Wir erleben die Einheit von Körper, Geist und Seele. Bioenergetik unterstützt uns auf unserem Weg zu mehr Freiheit, Anmut, Schönheit, Selbsterkenntnis, Selbstverantwortung und Erfolg.

Ausschnitt aus einem Artikel zum Thema Bioenergetik

Der von mir in der Zeitschrift vom Verband freier Psychotherapeuten (VFP) erschienen ist und mit dem ich versuche, das Vorgehen in der bioenergetischen Arbeit zu verdeutlichen:

Körperarbeit in der Psychotherapie
am Beispiel der
„Bioenergetischen Analyse”

von: Margarete Rodenbach-Stadler

“Stehen Sie mit den Füßen Hüftbreit im Raum. Lassen Sie die Knie locker. Geben Sie Ihr ganzes Gewicht in die Beine und Füße.
Fühlen Sie in den Boden und wie er Sie trägt.
Wenn Sie in den Beinen Schmerzen fühlen, dann stehen die Waden noch sehr unter Spannung.
Durch eine leichte Auf- und Abwärtsbewegung der Knie beim Ein- und Ausatmen können Sie diese Spannung etwas reduzieren.
Ich möchte Sie ermutigen verschiedene Haltungen auszuprobieren.
Atmen Sie mit leicht geöffnetem Mund und lockerem Kiefer tief in den Bauch.
Lassen beim Ausatmen einen Ton zu, der tief aus ihrem Inneren kommt.
Der Ton kann laut oder leise sein, hoch oder tief.
Experimentieren Sie mit ihrer Stimme, bis Sie den Ton gefunden haben, der zu Ihrer momentanen Stimmung passt.
Vielleicht empfinden Sie ein leichtes Vibrieren in ihrem Körper.
Vielleicht fangen die Beine an zu Zittern.
Lassen Sie es zu. Bleiben Sie ganz bei sich und geben sich ganz den Gefühlen hin, die aufkommen.”

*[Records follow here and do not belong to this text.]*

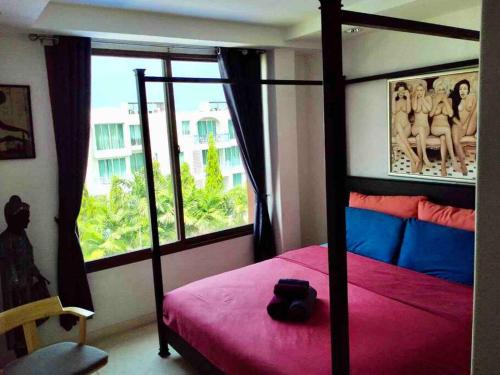 考陶Las Tortugas, Cozy condominium on Khao Tao beach, Hua Hin的一间卧室设有红色的床和窗户。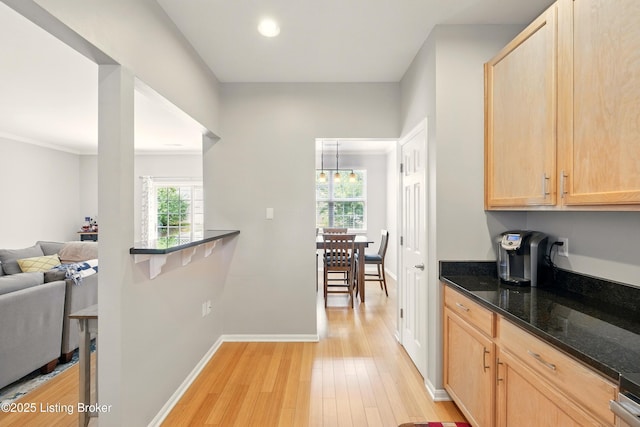 4926 Merton Sq, Louisville, KY 40241 - kitchen with light brown cabinetry, plenty of natural light, light wood-style floors, baseboards, and recessed lighting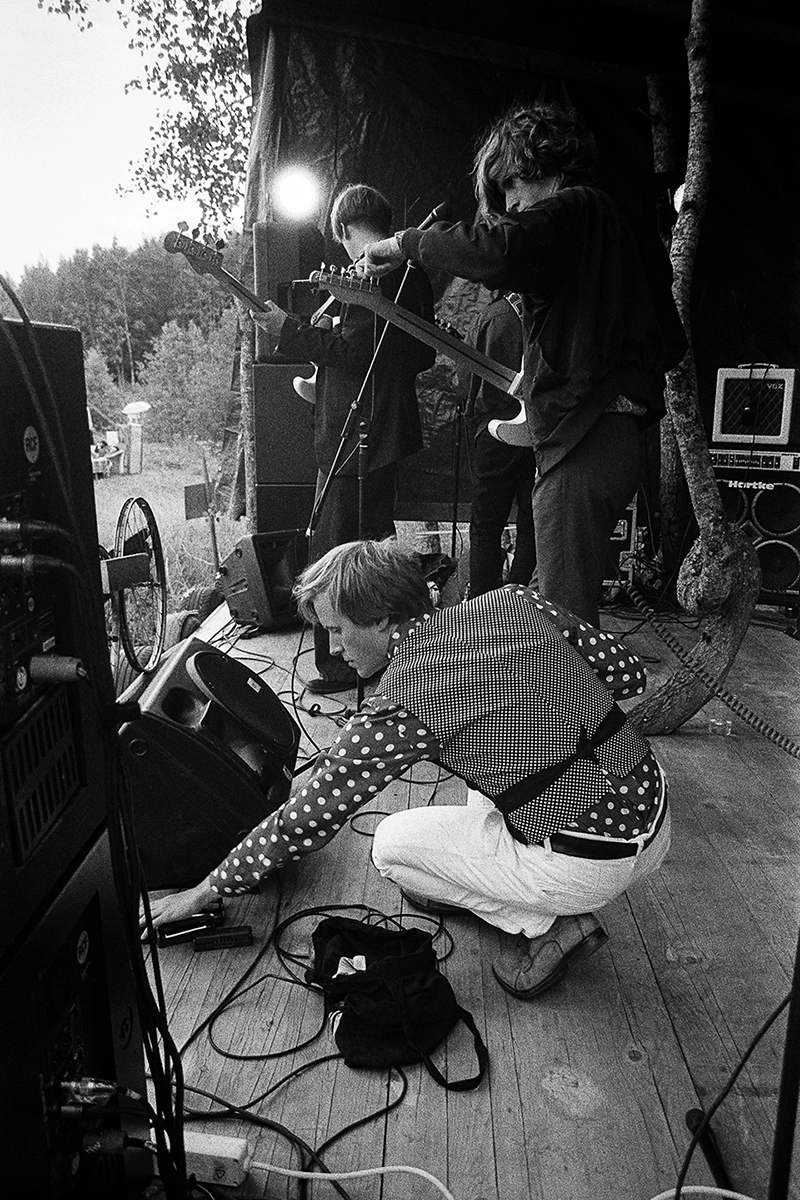 Black and white anlaog photograph of a woman eating a chocolate bar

Ich befinde mich zusammen mit 14 anderen Menschen als Teilnehmerin bei meinem ersten Bioenergetik – Workshop,
den ein Bioenergetischer Analytiker an einem Wochenende in einem sehr abseits gelegenen Tagungshaus in der Eifel anbietet.

Die Menschen um mich herum, von denen ich keinen vorher kannte, folgen wie ich, den Anweisungen des Therapeuten.
Sie werden lauter, Vibrieren, Zittern, Schreien, Jammern, Springen, machen tierische Geräusche.
Ich frage mich, ob ich hier wohl nicht am falschen Ort bin.
Ich kann mir noch nicht vorstellen, dass ich mich in ähnlicher Weise verhalten könnte und kann nicht glauben, dass das, was die anderen von sich geben echt ist.
Ich sehe mich im Raum um und bin beruhigt, dass ich nicht die Einzige bin, der es so geht.

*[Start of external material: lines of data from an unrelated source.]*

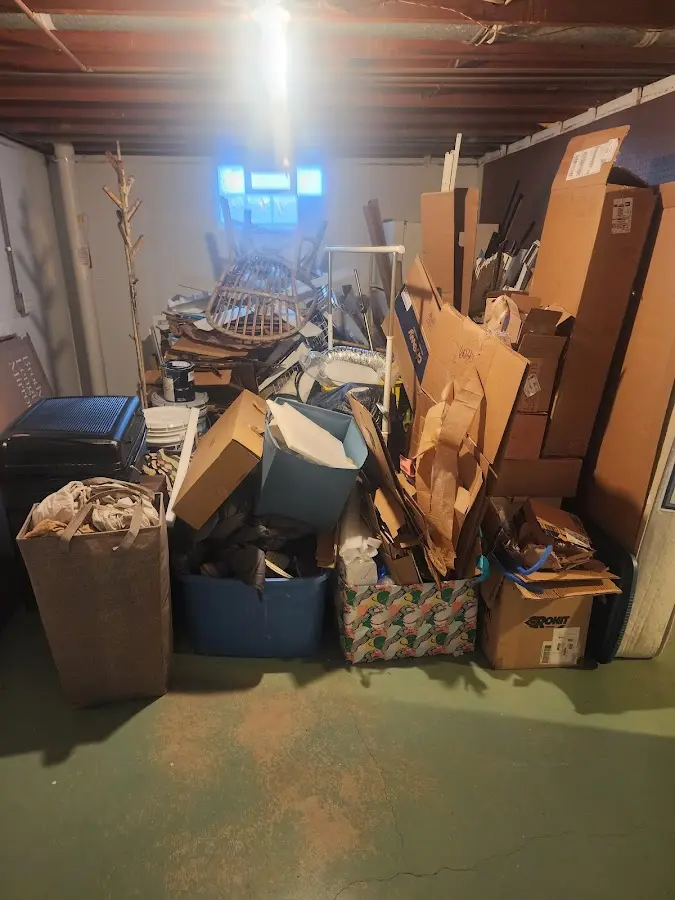 Roll-off dumpster container at job site for 2 Yard Dumpster Rental in Victoria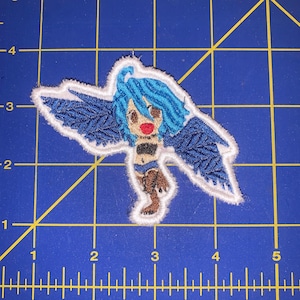 May include: Embroidered patch featuring a blue-haired anime character with wings. The character is wearing a brown and black outfit and has a red nose.
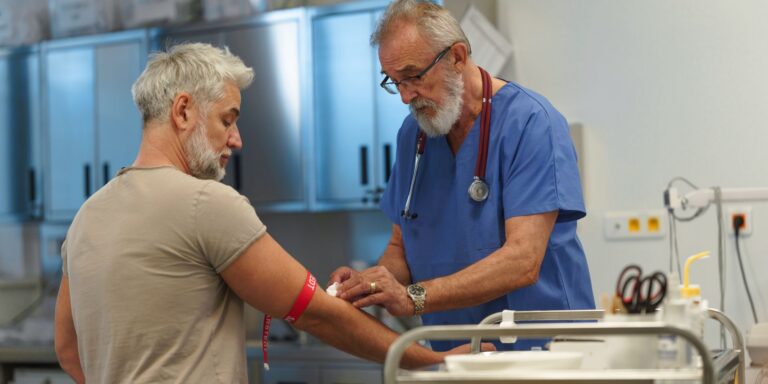 vein doctor applying a bandage to a patient after drawing blood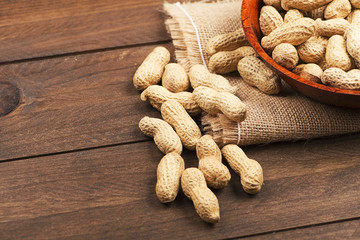 From above plate with whole peanuts on canvas bag. Wooden background.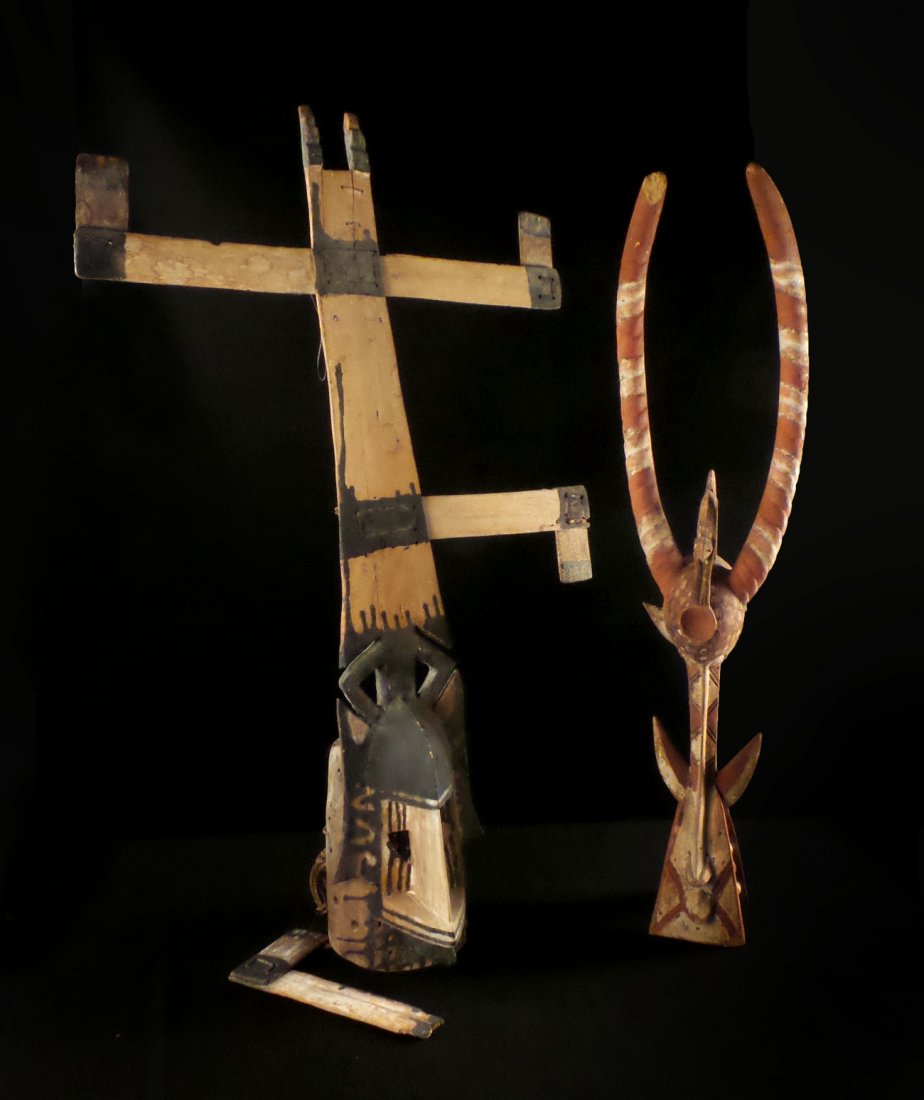 Two Carved and Painted African Masks: Two carved and painted African wood masks, one depicting a mythological beast with horns and stylized teeth. Both anthropomorphic. [8" x 8" x 36" and 39" x 24" x 8"]. "As is". Top of carved wood horn 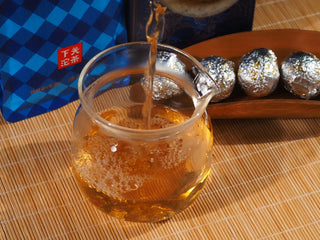 Pouring the brilliant amber-orange tea liquor of 18-year aged wild raw Puerh.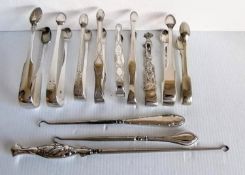 An assortment of nine silver sugar tongs, mostly George III, GIV with bright-cut decoration; various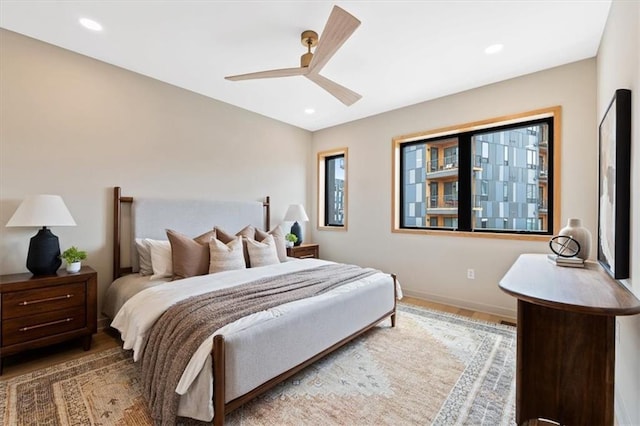529 E 19th St, Kansas City, MO 64108 - bedroom featuring wood finished floors, recessed lighting, and a ceiling fan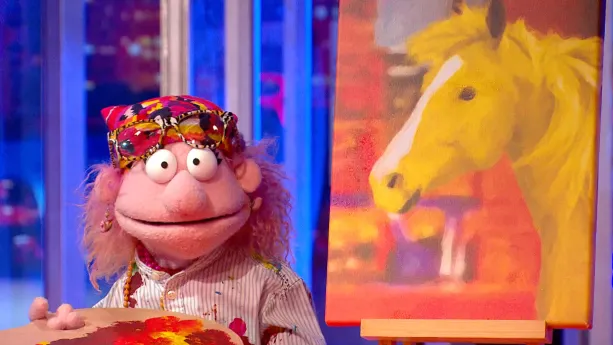 Een foto van pop Bernadette Aquarel die met grote ogen naar de camera kijkt en een schilderij van een goudgeel paardenhoofd. Ze heeft een houten palet of bord met verf erop vast en verfvlekken op haar blouse. Op haar hoofd zit een hoofddoek en een bril.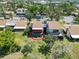 Aerial view showcasing the screened in patio with a beautifully maintained lawn at 672 White Pine Tree Rd # 57, Venice, FL 34285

Im Verlauf des Wochenendes machen wir noch viele andere Übungen: laute und leise, sanfte und aggressive, zusammen mit einem Partner und alleine und führen Gespräche über Gefühle, die beim Einzelnen aufkommen.
Langsam merke ich, dass die Anspannungen, die ich in meinem Körper fest halte sich mehr und mehr lösen.
Ich kann Gefühle wie Freude und Schmerz, Aggression und Zuneigung zulassen und empfinden, die ich vorher nicht fühlen konnte.
Traurige Erinnerungen, von denen ich vorher gedacht hatte, dass ich sie längst „bewältigt“ hätte, werden mir noch einmal schmerzlich bewusst.
Ich durchlebe noch einmal alte Gefühle und kann ihnen dann ihren Platz in meiner Vergangenheit einräumen, der ihnen zusteht.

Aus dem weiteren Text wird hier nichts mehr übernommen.